HJR: I was always focused on myself. I had so much to do that I simply didn’t have any time to study. I always did everything the way I thought it should be done. I never doubted my decisions. I would stay up all night, working on new tracks, when the rest of the band members were already sleeping. It was that way with Cluster and it was the same with Harmonia.


Asmus Tietchens photographed by Margret Links


AT: What’s your relationship to Karlheinz Stockhausen?

HJR: I once attended a lecture of his in Cologne. This must have been around 1969. He entered the auditorium and then locked the door. The students were forced to stay until he’d finished his lecture. I was shocked. I actually hated him for that attitude. But I regret that I didn’t dig deeper into his music for that very reason. I’d listen to his music, but it wouldn’t touch me. I might be walking on thin ice, but I felt that his music was too thought through. And I know that Conny Plank and Holger Czukay had a much better opinion of him.

AT: I never met Stockhausen personally, but of course I know that he mainly wrote serial music and only a tiny bit of his oeuvre consisted of electronic compositions. I started to listen to Stockhausen when I was twelve years old. His “Gesang der Jünglinge” [“Song of the Youths”] was probably my favorite composition back then because it combined singing voices and electronic soundscapes—back in 1955! I was especially blown away by the fact that he had composed his music with audio tape. Stockhausen was absolutely important for the cultural development of post-war Germany. He is famous for claiming that after twelve years of fascism, after Hiroshima and the death camps, music shouldn’t be allowed to be emotional anymore. He wanted a new, objective music that could not be misused by whatever dictatorship. In a way, he said the same thing Adorno did when he claimed that poetry wasn’t possible anymore after Auschwitz.



HJR: Well, I still don’t like him. But I can of course see that his thoughts on serial music opened doors for an entire new generation of electronic musicians. I mean, all the legions of contemporary electronic musicians reference Stockhausen and Schaeffer whether they know it or not.

AT: What I didn’t know at that time though was the fact that Stockhausen was an arch Catholic until around the time he wrote “Sirius”. But you have to really listen to the lyrics to grasp the fact that the boys in his “Gesang der Jünglinge” are praising the Lord.
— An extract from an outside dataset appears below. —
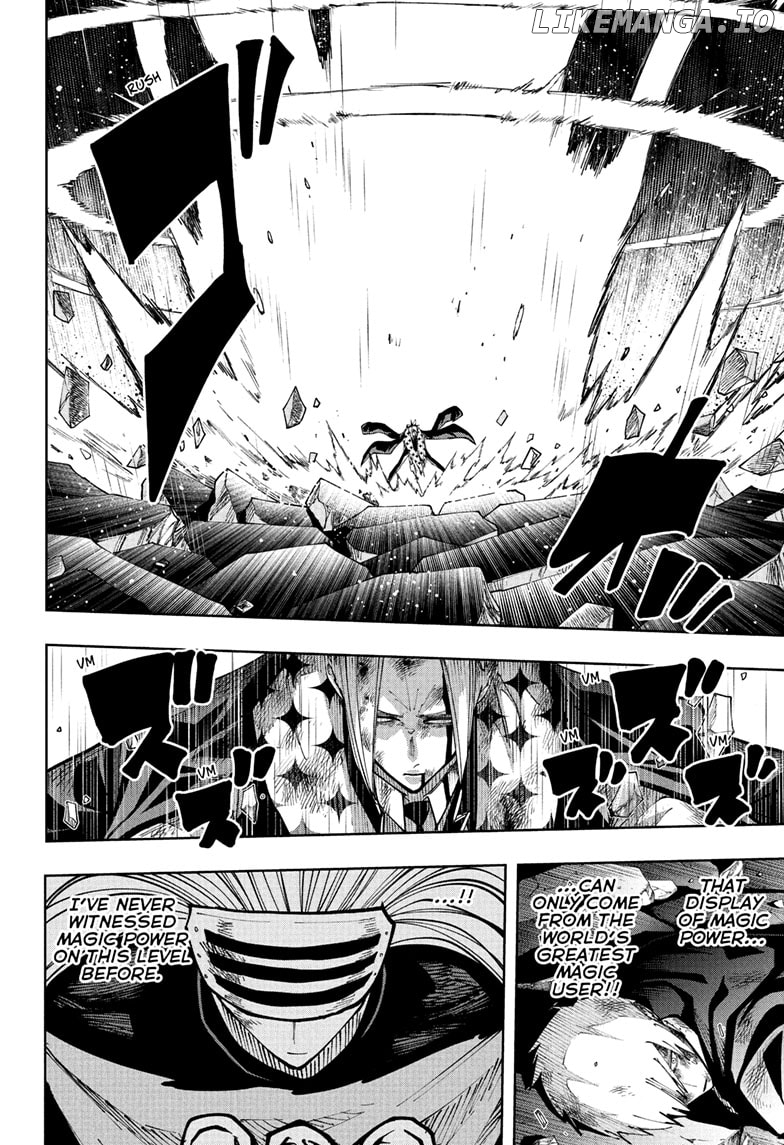 Read Mashle En Manga Online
I once read Texte zur Musik [“Texts on Music”], a very interesting book that he had written in 1952 about his aesthetics, his aims and his concepts in the light of his “worldview”. I became a loyal follower of his music, but it ended abruptly with the release of “Sirius”. I couldn’t understand him anymore. To make a long story short: this music was played on the radio, and I think it was a great thing… when it still existed.

HJR: I never understood how they could tolerate the radio going so down hill. Nowadays everything has become so commercial. A listening “career” like yours that was based on radio wouldn’t be possible anymore. In Austrian national radio they probably play exactly one song a year from me. I can see this from the royalty statements.

AT: I don’t listen to radio anymore. At home, I enjoy the silence. And in the studio it’s the same. There are no windows facing the street. I work in total isolation from the outside world. I love tranquility. I love to walk in the woods surrounding Hamburg. I enjoy the fresh air and, to a slightly lesser extent, the experience of nature. I wouldn’t call it inspiring or whatsoever. I also don’t take drugs for instance or use iPhones to enhance or photograph such moments.

HJR: You never took any drugs?

AT: No, never. I smoke cigarettes and I drink coffee. I’m probably not curious enough.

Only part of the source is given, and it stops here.